TASK INSTRUCTIONS: Your task is to write out every line of the data exactly. Drop the pictures.

SUPPLIED INFORMATION:
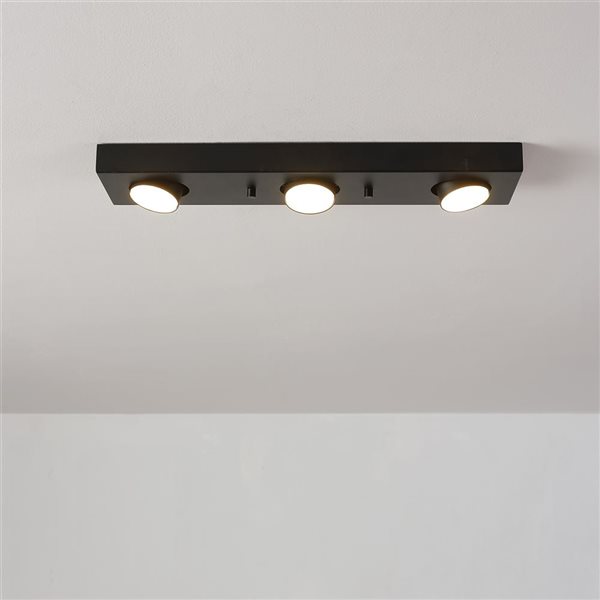 Globe Electric Bleecker 3-Light Matte Black LED Integrated Track Lighting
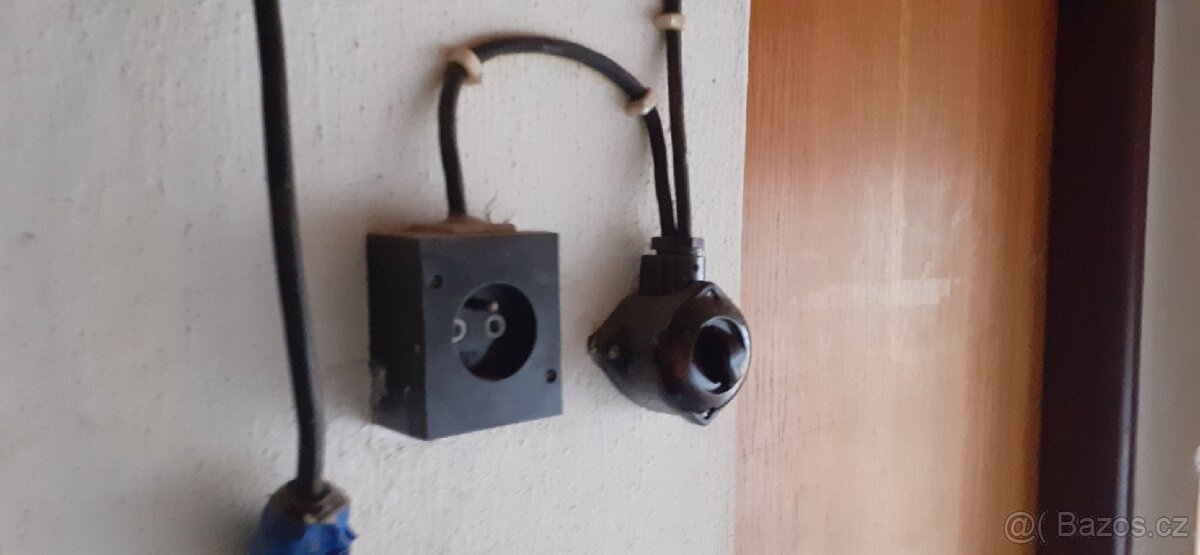 PRONAJMU GARAZ V KLATOVECH LIPOVA UL - 5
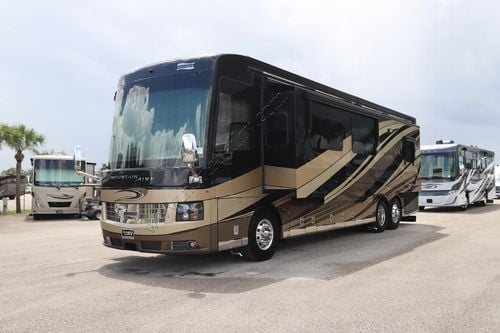 2018 Newmar Mountain Aire 4047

TASK ANSWER:
 Globe Electric Bleecker 3-Light Matte Black LED Integrated Track Lighting
 PRONAJMU GARAZ V KLATOVECH LIPOVA UL - 5
 2018 Newmar Mountain Aire 4047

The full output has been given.